Contra la saña de lo real trabajó Bowie toda su vida. Fue el músico de rock que más hizo por convertir eso que llamamos carrera en una obra de ficción. No fue el único, pero sí el más persistente. Con Bowie no había identidad que defender ni equivalencia que asegurar entre el escenario y la vida. Un show era una novela. Todo era artificio. En la tapa de Pinups Bowie tiene una máscara de Bowie. Es genial que el personaje de su primera experiencia como actor de cine (The Image, un cortometraje de diez minutos dirigido en 1969 por Michael Armstrong) sea la encarnación de una pintura. Un heredero pop de Oscar Wide, tal como sostiene Velvet Goldmine en su prólogo: eso era Bowie. Cambiaba el peinado, el vestuario, el maquillaje, la música. Lo único que permanecía firme era su belleza, y durante muchos años la gloria de su voz y sus canciones. Ese GIF que circula en Facebook, en el que vemos pasar sus máscaras a toda velocidad y podemos clickear para ver qué Bowie queda, una y otra vez, o jugar a que el destino nos diga qué Bowie somos, ese GIF hermoso resume en un juego sencillo algo increíble: una historia dedicada a liberarnos de la identidad.
3
Una de las cosas que más me gusta en la vida es la docencia.

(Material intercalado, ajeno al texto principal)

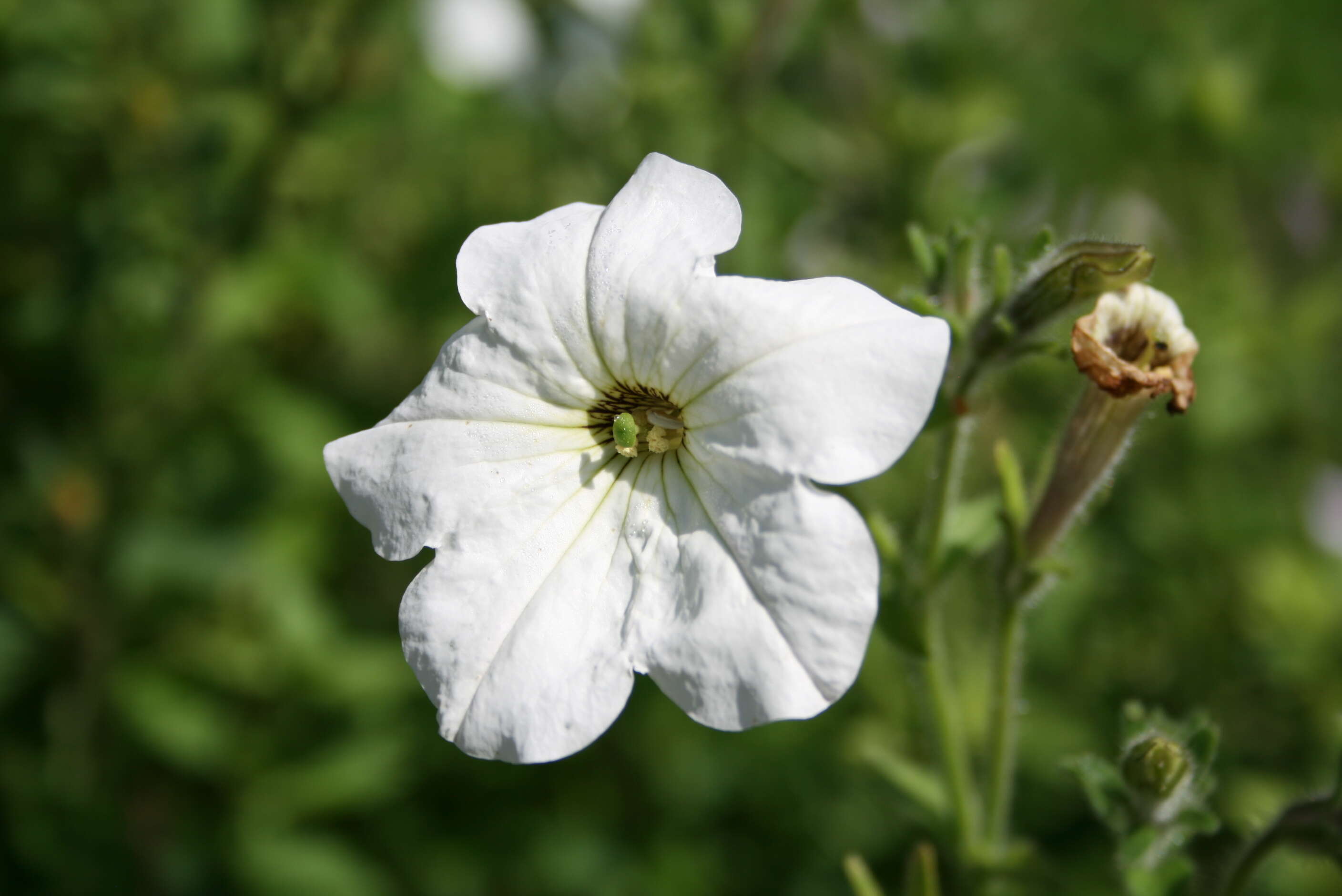 صورة Petunia axillaris (Lam.) Britton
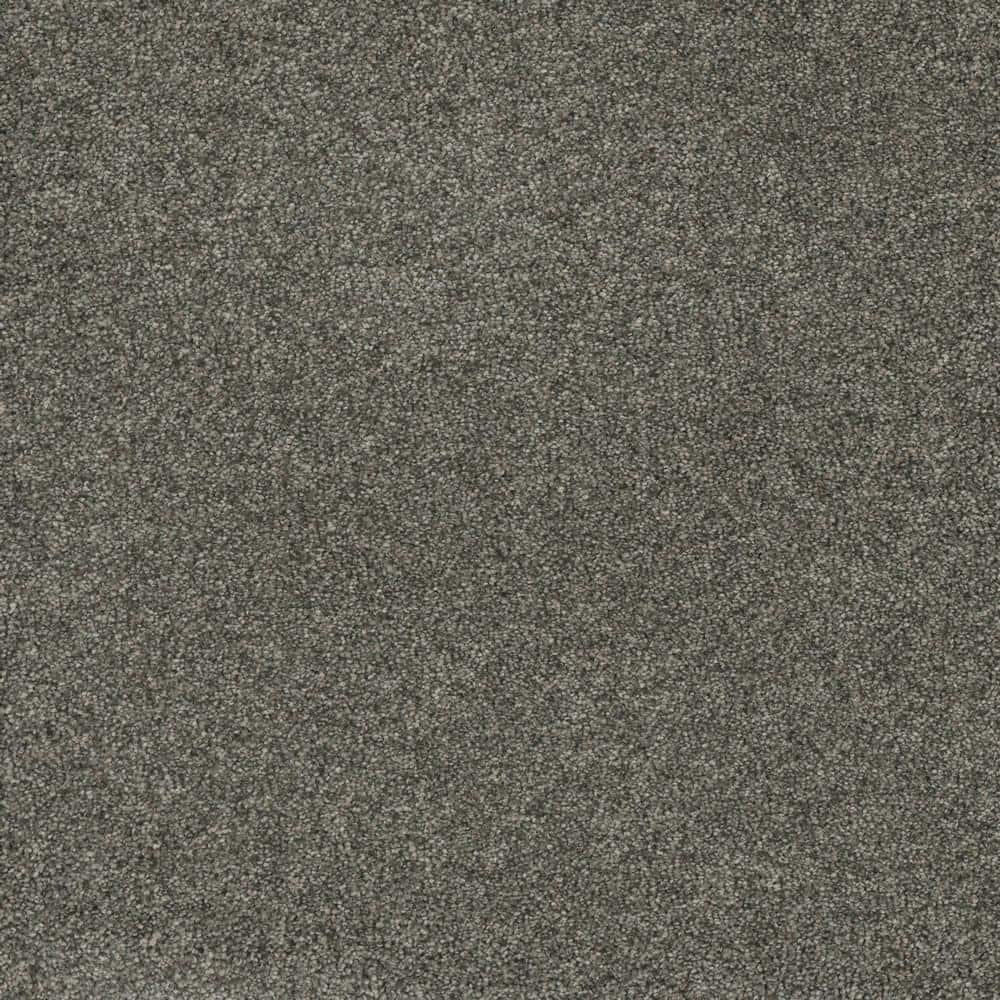 8 in. x  8 in. Texture Carpet Sample - Bradmore II -Color Wake price history on PriceWatchPro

Mi tema es la literatura, que es sin dudas el tema más importante de la historia de la humanidad, junto con el cine y la música. Un día le dije a una alumna que la única remera de rock que usaría para dar clases era una de David Bowie. En realidad usaría muchas más (de los Who, de Spinetta, de Joy Division, de Michael Jackson). Pero imagino que para mí era como decir: acá, en el templo, donde todos los signos pesan el doble, me gustaría estar acompañado por el tipo que más hizo por enrarecerlos, y que en alguna ocasión me dijo, sin necesidad de declararlo: El arte es gratuidad, comunicalo así. Me acuerdo que una vez un alumno de doce años me dijo que los cuentos tradicionales decían siempre lo mismo: no confíes en extraños. Ese día aprendí los riesgos literarios del progresismo, y metí los libros de Paulo Freire que encontré en la biblioteca del colegio detrás de Canción de Navidad. Bowie me enseñó eso. Es mi pedagogo de cabecera. Supongo que el piagetismo está bien. Sé que Ziggy Stardust es superior a Introducción a la epistemología genética.
En fin.
Tuve discos y pósters de Bowie, pero no remeras. Eso hasta hace unos días, cuando la alumna de la que hablé antes (ya largamente ex) me regaló una genial hecha por ella misma, verde y hermosísima, con la tapa de Aladdin Sane, para que lleve a Bowie en el pecho, también del lado de afuera del corazón, y dé alguna clase acompañado por su imagen, ya que lo dije. Nadie verdaderamente importante en nuestras vidas se va sin dejarnos un tesoro que se renueva siempre. Bowie me regaló un montón de cosas, entre ellas la posibilidad de esta remera invalorable. Hay cosas que solo puedo decir con canciones de rock porque no hay otro lenguaje en el que puedan ser dichas. Esta emoción me la deja expresar Spinetta, y nadie más: David partió, y algo que noquea nos quedó aquí, como el speed de la luz.